Labour council leaders and mayors have published a joint statement accusing the Government of reducing spending to ‘intolerable’ levels while ‘attempting to lay the blame at the feet of local councillors’.
The statement read: ‘Cuts to local government are an attempt by the Conservative Government to push the blame for cuts down to local government while dismantling the welfare state.
‘Their forced sale of council homes – without funding replacements - further demonstrates their strategy to abdicate responsibility for the worst decisions they are making.'
Their comments came after prime minister David Cameron was earlier this month embroiled in a high-profile spat with his constituency county Oxfordshire CC. The prime minister caused controversy when he wrote a letter detailing his disappointment that the council was not ‘making back office savings and protecting the frontline’ when proposing cutbacks.

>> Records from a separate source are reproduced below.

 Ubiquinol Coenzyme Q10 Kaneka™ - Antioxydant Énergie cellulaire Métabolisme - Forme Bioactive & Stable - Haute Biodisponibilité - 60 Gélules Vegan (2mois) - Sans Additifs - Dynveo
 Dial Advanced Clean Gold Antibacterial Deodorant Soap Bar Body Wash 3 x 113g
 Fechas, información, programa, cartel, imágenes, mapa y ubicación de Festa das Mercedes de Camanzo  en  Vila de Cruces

The comments were made by the party’s shadow chancellor John McDonnell, shadow transport secretary Lilian Greenwood, Lewisham mayor Steve Bullock, Liverpool mayor Joe Anderson (pictured), Manchester City Council leader Richard Leese, Nottingham City Council deputy leader Graham Chapman, Tameside MBC leader Kieran Quinn, Stevenage BC leader Sharon Taylor and Derbyshire CC leader Anne Western.
The Department for Communities and Local Government has been approached for comment.